Worrall Elizabeth A, Hayward Alice C, Fletcher Stephen J, Mitter Neena
Centre of Horticultural Science, Queensland Alliance for Agriculture and Food Innovation, The University of Queensland, St Lucia, Brisbane, QLD, 4072, Australia.
Arch Virol. 2019 Jan;164(1):181-194. doi: 10.1007/s00705-018-4065-6. Epub 2018 Oct 9.
Australian bean common mosaic virus (BCMV) isolates were sequenced, and the sequences were compared to global BCMV and bean common mosaic necrosis virus (BCMNV) sequences and analysed for conserved potyviral motifs to generate in planta RNA-interference (RNAi) resistance. Thirty-nine out of 40 previously reported potyvirus motifs were conserved among all 77 BCMV/BCMNV sequences. Two RNAi target regions were selected for dsRNA construct design, covering 920 bp of the nuclease inclusion b (NIb) protein and 461 bp of the coat protein (CP). In silico prediction of the effectiveness of these constructs for broad-spectrum defence against the 77 BCMV and BCMNV sequences was done via analysis of putative 21-nucleotide (nt) and 22-nt small-interfering RNAs (siRNAs) generated from the target regions. The effectiveness of both constructs for siRNA generation and BCMV RNAi-mediated resistance was validated in Nicotiana benthamiana transient assays.

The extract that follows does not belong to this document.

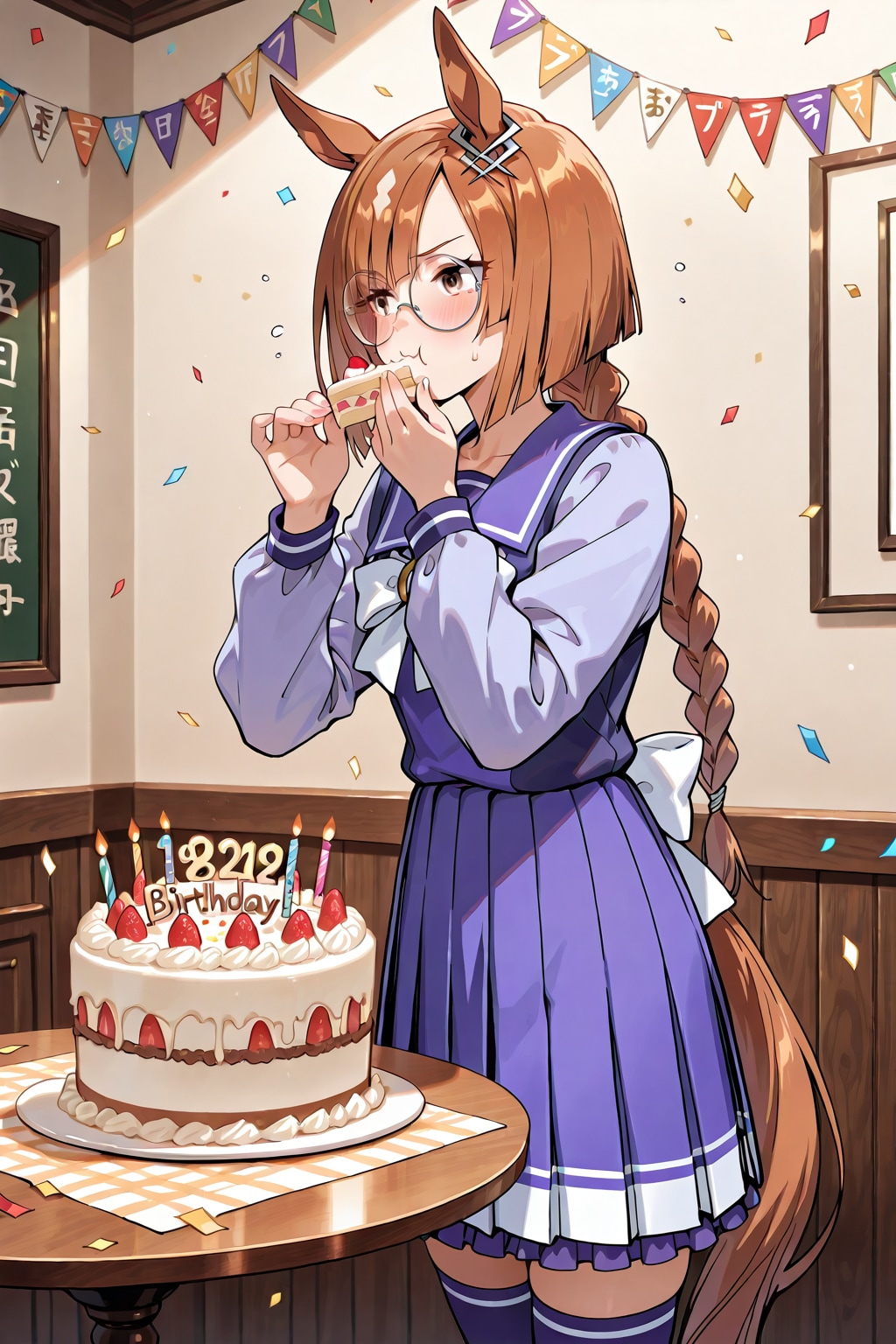 イクノさん、誕生日ケーキをつまみ食い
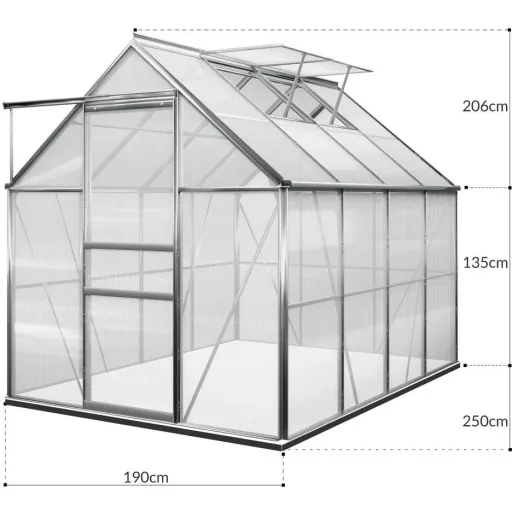 Aluminium-Gewächshaus 7,6 m³ mit Fundament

对澳大利亚菜豆普通花叶病毒(BCMV)分离株进行了测序,并将这些序列与全球BCMV和菜豆普通花叶坏死病毒(BCMNV)序列进行比较,分析其保守的马铃薯Y病毒基序,以产生植物体内RNA干扰(RNAi)抗性。在所有77个BCMV/BCMNV序列中,40个先前报道的马铃薯Y病毒基序中有39个是保守的。选择了两个RNAi靶区域用于设计双链RNA(dsRNA)构建体,覆盖核酸酶包含体b(NIb)蛋白的920 bp和外壳蛋白(CP)的461 bp。通过分析从靶区域产生的假定21核苷酸(nt)和22 nt小干扰RNA(siRNA),对这些构建体针对77个BCMV和BCMNV序列进行广谱防御的有效性进行了计算机模拟预测。在本氏烟草瞬时试验中验证了这两种构建体产生siRNA和BCMV RNAi介导抗性的有效性。